Aha, ternyata orang ini si pengamen 1 yang tadi gw lihat sekilas gitarnya. Huahahahahaha, rasanya pengen ngakak gitu. Si pengamen turun setelah di-iya-kan oleh penumpang bis termasuk gw. Si pengamen tersebut masih bertanya pada kondektur bis untuk meyakinkan dirinya, "Tadi udah ya, Bang?"
Pengamen pun bisa salah bis, eh, dua kali naik bis yang sama, dengan kata lain, lupa. Tapi si pengamen 1, dia pasti malu dong, cuman nggak kelihatan malu tuh, tetep pede atau gw yang nggak liat aja?

Terus kok si pengamen 1 nggak sama temennya, pengamen 2? Ketika pengamen 1 dan pengamen 2 naik gw sempet dengar ada yang berkata, "Bareng aja nih?"

Kemudian dijawab, "Ya udah bareng aja."

Barulah si pengamen 1 bilang kalimat andalannya tadi itu, "Sambung menyambung dalam bis kota.

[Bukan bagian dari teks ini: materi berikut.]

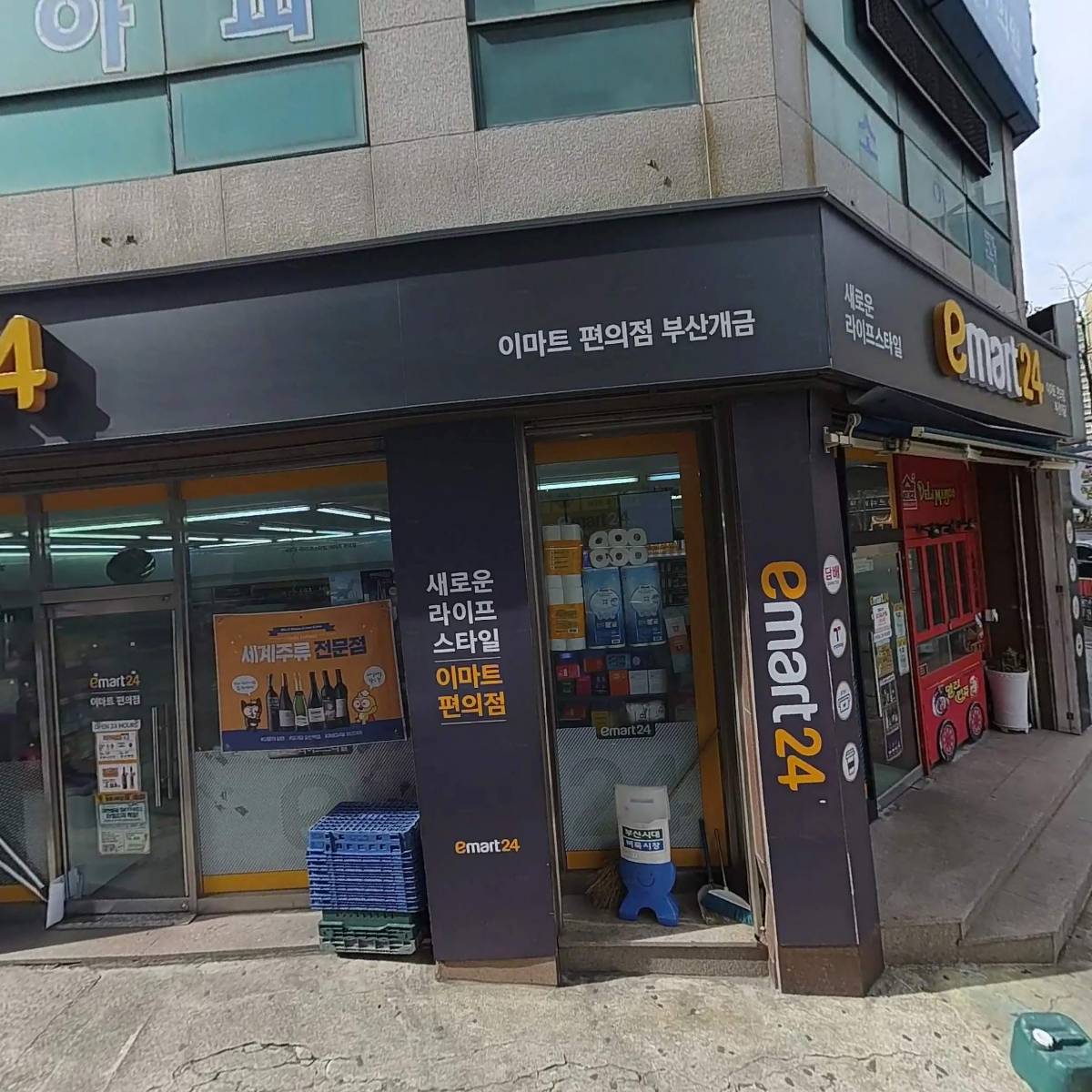 이현우 한의원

Lain orang lain perutnya ya, Bu, Pak....."

Pengamen 2 dengan improvisasi yang meyakinkan menjawab masing- masing kalimat si pengamen 1, "Benar ya, Bu, Pak," "Benar sekali, Bu, Pak."

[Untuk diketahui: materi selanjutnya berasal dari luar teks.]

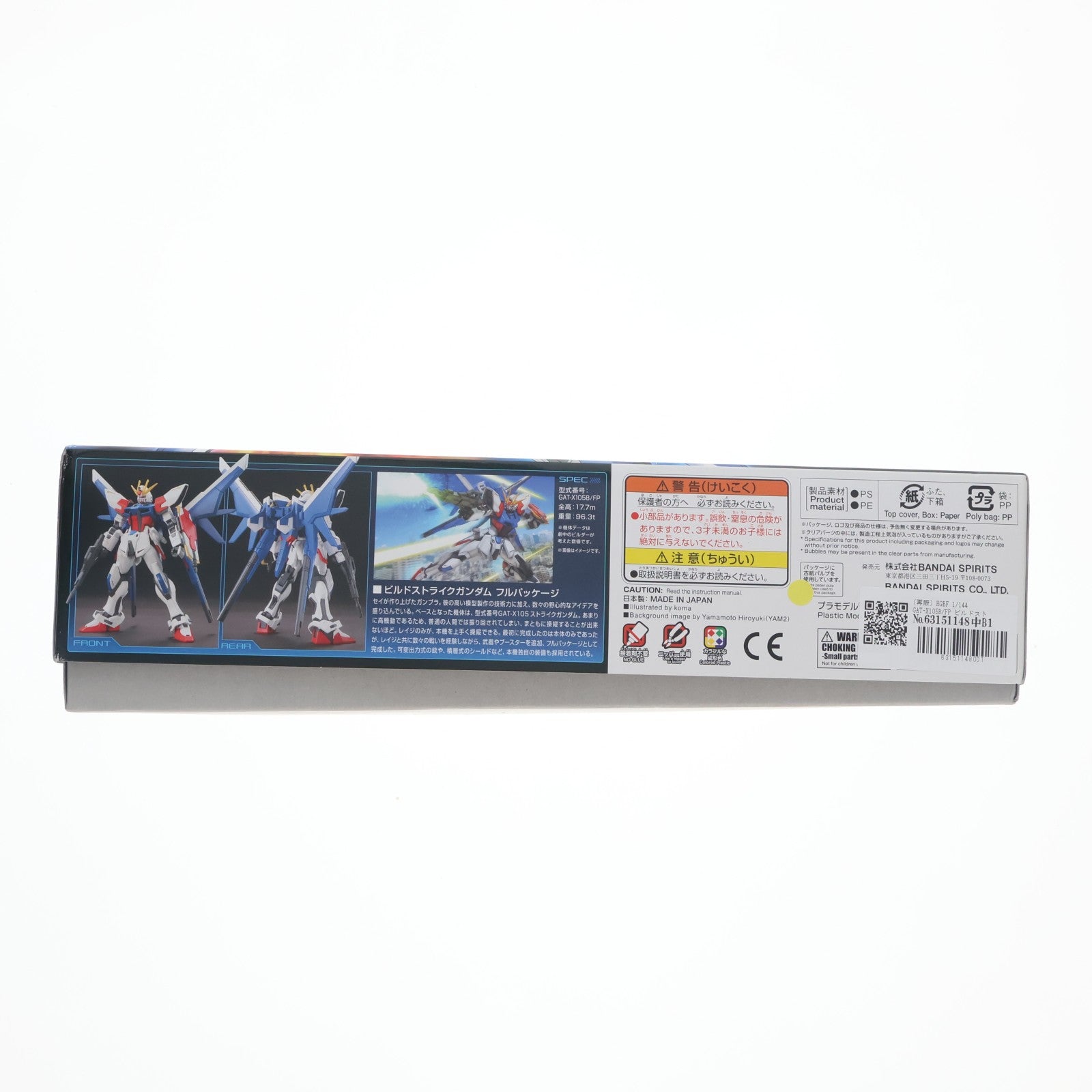 【中古即納】[PTM] (再販) HGBF 1/144 GAT-X105B/FP ビルドストライクガンダム フルパッケージ ガンダムビルドファイターズ プラモデル バンダイスピリッツ(20240727)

Gw inget sempet heran juga ngamen berdua tapi mereka masing-masing meminta bayaran, biasanya kan 1 orang yang 'ngulurin kantong kresek/topi' ke penumpang. Kesimpulan gw, pengamen 1 dan pengamen 2 itu hanya 2 orang pengamen yang kebetulan naik 1 bis yang sama berbarengan. Mereka bukan duo tapi solois.

Kesimpulan ke-2, apa pun pekerjaannya ternyata kreatifitas dan spontanitas dapat berperan di dalamnya. Percaya diri perlu di segala situasi (tapi saya tidak menyarankan Anda mengamen, saya jamin capek). And it works, it goes well i think.

Mengenai judulnya, yaaaa saya analogikan kalau misalnya itu tukang asongan yang jualan minuman terus dia naik lagi di bis yang sama, bakal seperti itu kalimatnya? Hehehe. Just my mind.